Nevada regulators again reject tribal solar plant
LAS VEGAS — Nevada regulators rejected for the second time Wednesday a request to waive competitive bids for utility company NV Energy to buy solar power from a proposed solar generation station on the Moapa River Paiute Indian Reservation outside Las Vegas.
Proponents said they hope the company will try again.
State Bureau of Consumer Protection chief Eric Witkowski called the Public Utilities Commission’s decision a win for consumers, because he said it will help ensure customers don’t overpay.
NV Energy didn’t immediately comment.
Sierra Club representative Barbara Boyle called the PUC decision a disappointment and a threat to a proposal that would create jobs while replacing a coal-fired power plant blamed for spewing pollution on the reservation.

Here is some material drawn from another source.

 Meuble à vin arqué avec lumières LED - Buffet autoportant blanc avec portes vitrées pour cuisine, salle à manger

“NV Energy’s unique proposal to partner with the tribe is integral to the project’s success,” Boyle said in a statement. “The commission has once again kicked the can down the road by keeping this shovel-ready project from breaking ground.”

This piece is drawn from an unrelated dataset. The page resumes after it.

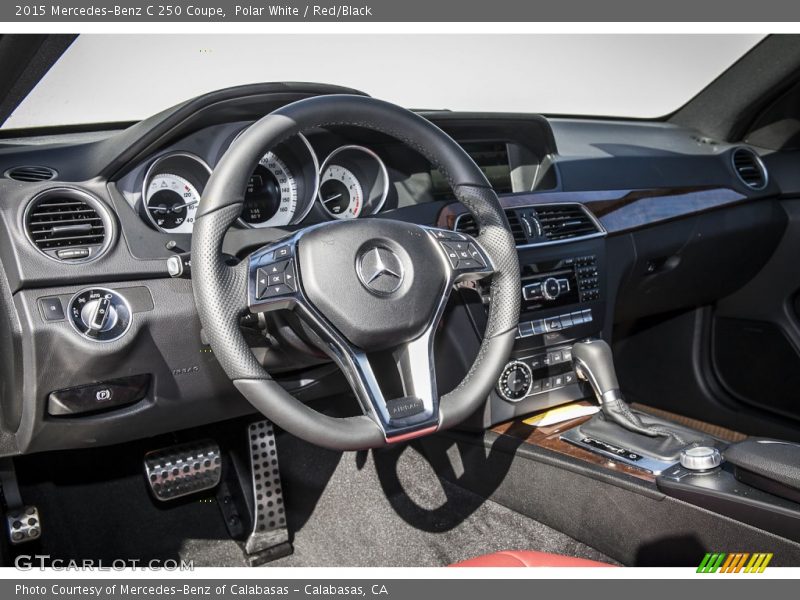 Polar White / Red/Black 2015 Mercedes-Benz C 250 Coupe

The PUC first rejected the power purchase plan in October, after being told a Moapa solar project capable of producing up to 200 megawatts of electricity would cost $438 million to build. The plant was expected to generate a steady capacity of 76 megawatts.
The commission said at the time that the utility should seek competitive bids to buy the 54 megawatts of electricity it says it needs to supply its customers.
Sierra Club officials pointed this week to revisions of the plan that reduced the overall capacity to 175 megawatts and an NV Energy pledge to cap the project cost at a little more than $383 million.
The company projected the cost of the energy produced at the plant at less than similar projects, and lower than the cost of energy if it builds a natural gas power plant.
NV Energy has promised to shut down the nearby coal-fired Reid Gardner generating station by the end of 2017.